- Interactive map of Bảy Mẫu Coconut Forest
- Location: Cẩm Thanh Commune, Hội An, Quảng Nam Province, Vietnam
- Coordinates: 15°52′30″N 108°22′27″E﻿ / ﻿15.87500°N 108.37417°E
- Designation: Historical and cultural relic

= Bảy Mẫu Coconut Forest =

Palm forest in Vietnam

Bảy Mẫu Coconut Forest (also known as Cẩm Thanh Coconut Forest) is a nipa palm forest (Nypa fruticans) associated with the wetland ecosystem in Cẩm Thanh Commune, Hội An, Quảng Nam Province, Vietnam.
The area is developed for tourism through basket boat (thung boat) rides and inland waterway routes within a network of canals and creeks in the downstream estuarine zone.

The surrounding coastal wetland and estuarine landscape of Hội An, including Cẩm Thanh, lies within the Cu Lao Cham – Hội An Biosphere Reserve, which is part of the UNESCO Man and the Biosphere Programme.

== Location and natural features ==

Bảy Mẫu Coconut Forest is situated within a wetland area to the east–southeast of Hội An, near the confluence zone and tidal influence of the lower river system, including the Thu Bồn River. According to descriptions by UNDP, nipa palm is classified within the mangrove forest group and is distributed primarily in the lower reaches of the Thu Bon River, with a significant concentration in Cẩm Thanh. The nipa palm ecosystem is associated with local aquatic resources and livelihoods, including the harvesting of fish, shrimp, and crab.

Local tourism management sources describe the coconut forest area in Cam Thanh as covering nearly 100 hectares, although figures may vary depending on classification and seasonal tidal conditions.

From a botanical perspective, nipa palm (Nypa fruticans) is a species widely recognized as native to South and Southeast Asia, including Vietnam, according to plant distribution records maintained by the Royal Botanic Gardens, Kew.

== Historical significance ==

Bảy Mẫu Coconut Forest has been described as a "revolutionary base" associated with local resistance activities during the 20th century.
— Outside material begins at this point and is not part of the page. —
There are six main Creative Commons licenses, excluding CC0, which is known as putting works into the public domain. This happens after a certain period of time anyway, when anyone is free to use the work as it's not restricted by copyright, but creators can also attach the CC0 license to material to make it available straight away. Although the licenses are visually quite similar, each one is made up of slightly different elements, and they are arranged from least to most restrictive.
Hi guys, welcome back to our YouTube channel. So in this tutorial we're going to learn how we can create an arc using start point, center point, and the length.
According to an overview of a conservation and heritage promotion project published by the Hội An heritage information system, the site was officially recognized as a provincial-level historical relic in 2007.

== Tourism and destination management ==

In September 2017, the Hoi An People's Committee issued Decision No. 1995/QĐ-UB approving a ticketing scheme for visits to the site, with ticket sales commencing on 1 December 2017. According to the same source, the designated visitor area includes the hamlets of Thanh Tam Đông, Vạn Lăng, Thanh Nhứt, Cồn Nhàn, and Thanh Tam Tây. The entrance fee was set at VND 30,000 per person. Ticket revenue was allocated on a 50–50 basis, with 50% contributed to the state budget and 50% used for destination management, environmental maintenance, and local tourism order.
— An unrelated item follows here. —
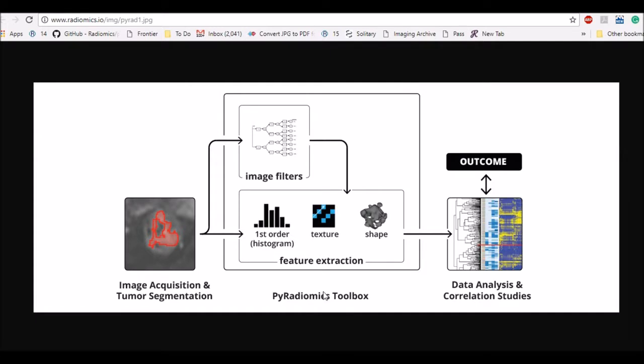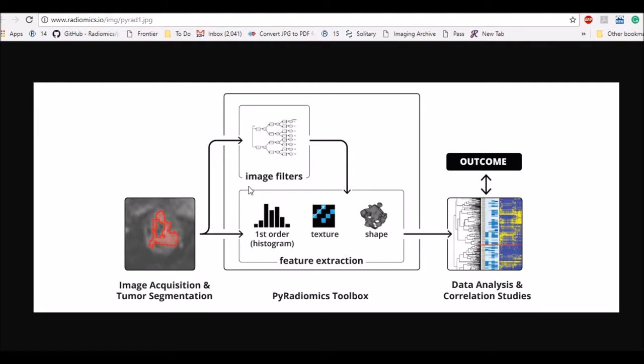PyRadiomics is a Python based toolbox which offers image filtering and feature extraction capabilities. An input image such as a 2D or 3D image of brain or lung can be fed into PyRadiomics toolbox, and the toolbox can be used for applying image filters to the input image or it can be directly used for extracting features for further data analysis and drawing conclusions.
In February 2018, a report published on the portal of the Ministry of Culture, Sports and Tourism stated that in January 2018 more than 43,000 visitors purchased entrance tickets, generating nearly VND 1.3 billion in revenue. The report also noted that during the pilot phase in December 2017, approximately 29,000 tickets were sold.

In 2023, the Rừng dừa Bảy Mẫu was recognized as a leading tourism destination in the Asia–Pacific region at the Vietnam–India Cultural and Economic Exchange Forum.

In 2024, basket boat experiences in Cẩm Thanh were included among the world's top 25 water-based tourism activities.

In 2025, a revised plan for the organization and development of visitor routes at the site identified a total of 17 routes. Of these, 13 routes include docks managed by the state, while four are associated with docks oriented toward management by private individuals or enterprises. The routes are categorized according to experiential characteristics, including those designed to introduce the buffer zone values of the biosphere reserve and the Cẩm Thanh nipa palm handicraft village.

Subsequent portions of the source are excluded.